That makes the elf’s lips twist in a smirk. “I shan’t kill you, Roche. We Aen Seidhe never kill the last specimens of dying breeds.”

“Do it, Iorveth. Or are you too much of a coward?”

The elf peers down at him with what Roche almost thinks is pity. “You’d rather die than live with the humiliation. Which of us is the coward?”

He positions the tip of the knife against the uppermost lily, and Roche almost wishes he’d just sink the blade into his heart and be done with it, but instead Iorveth drags the knife across his skin in a vicious diagonal slash that ends just above his left nipple.

Roche grits his teeth and hisses against the pain.

“There are your colours, Roche,” Iorveth taunts as he watches the blood spill, straightening up. “You’ll bleed enough to defile them but not enough to kill you. Live on and remember who defeated you. Remember he can do so again.” Iorveth takes a moment to savour the rush as he stands over the soldier, lying on the floor in humiliation and defeat, then turns away. “ _Va fail_ , Vernon Roche.”

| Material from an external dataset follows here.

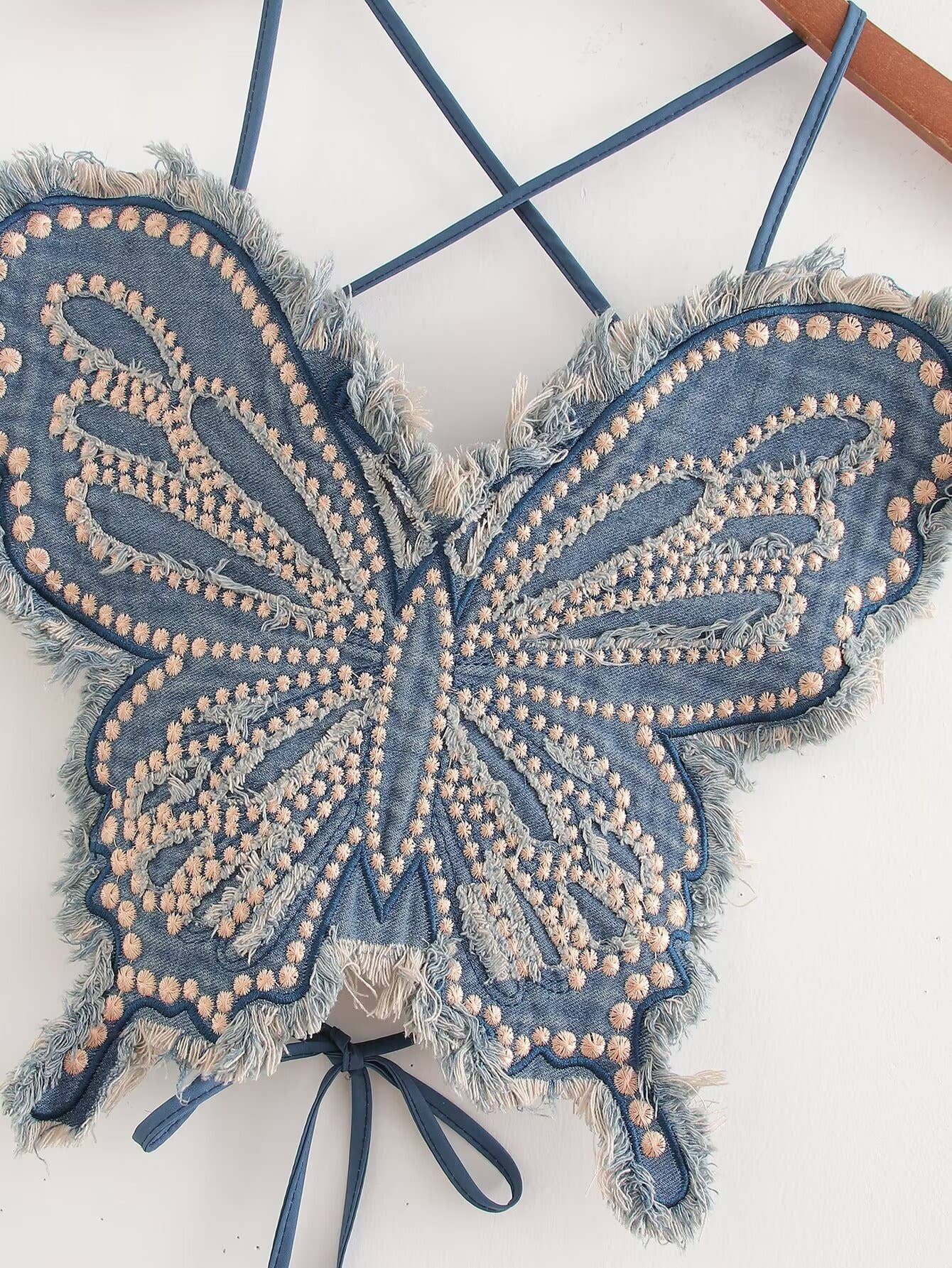 Butterfly Print Slim Fit Camisole with Rivet Accents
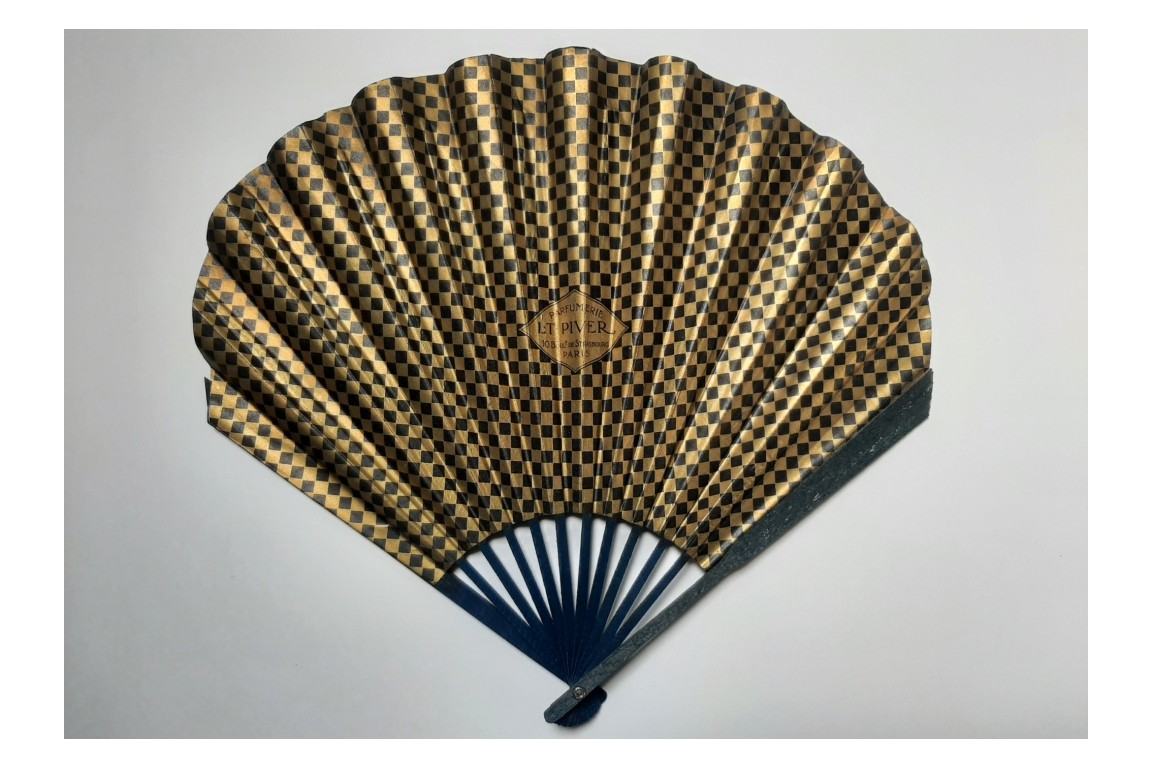 Piver, The blue dancer, fan for perfum Mismelis, circa 1921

Roche groans, clutching at his bleeding chest as he gets to his knees and tries to pull his armour back together. “You’re making a mistake, Iorveth,” he spits at the retreating figure. “I will find you.”

Already swallowed up by the trees, there’s no reply.

 

**Author's Note:**

> I wanna do the flipside of this too where Roche defeats Iorveth, so leave that with me.


End file.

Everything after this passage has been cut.